### EXERCISE BRIEF
Every line from the one containing "Large Jewelry Organizer" through the end of the listing below must be given again exactly, and nothing else; exclude pictures.

### MATERIAL PROVIDED
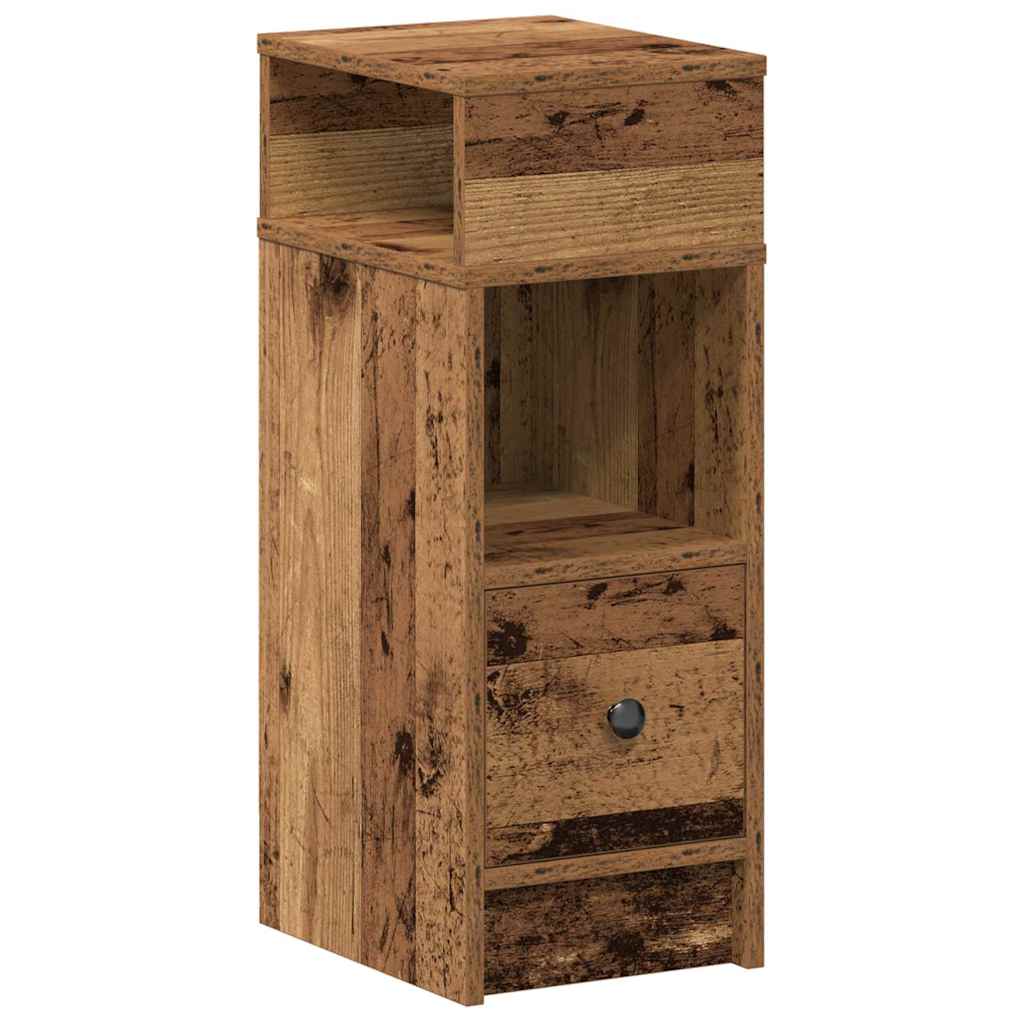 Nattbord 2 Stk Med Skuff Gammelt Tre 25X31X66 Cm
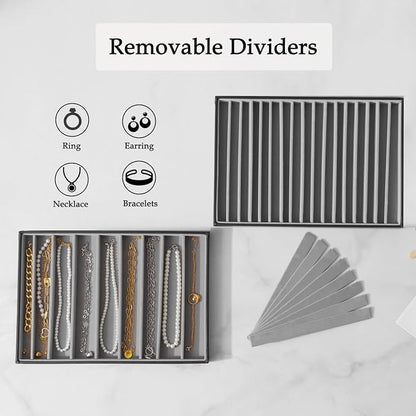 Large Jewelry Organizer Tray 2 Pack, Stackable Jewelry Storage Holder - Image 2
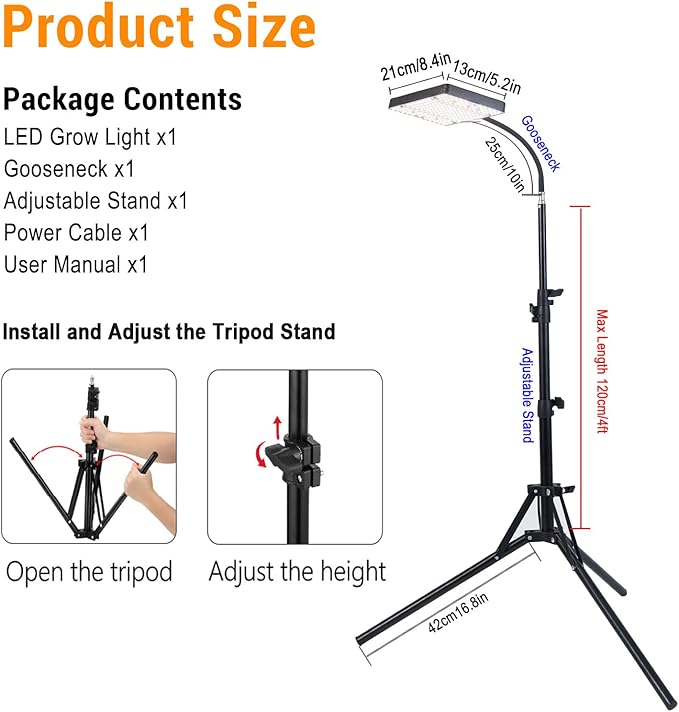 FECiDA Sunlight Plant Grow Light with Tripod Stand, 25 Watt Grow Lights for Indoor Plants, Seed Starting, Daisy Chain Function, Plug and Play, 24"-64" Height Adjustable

### OUTPUT FOR THIS TASK
 Large Jewelry Organizer Tray 2 Pack, Stackable Jewelry Storage Holder - Image 2
 FECiDA Sunlight Plant Grow Light with Tripod Stand, 25 Watt Grow Lights for Indoor Plants, Seed Starting, Daisy Chain Function, Plug and Play, 24"-64" Height Adjustable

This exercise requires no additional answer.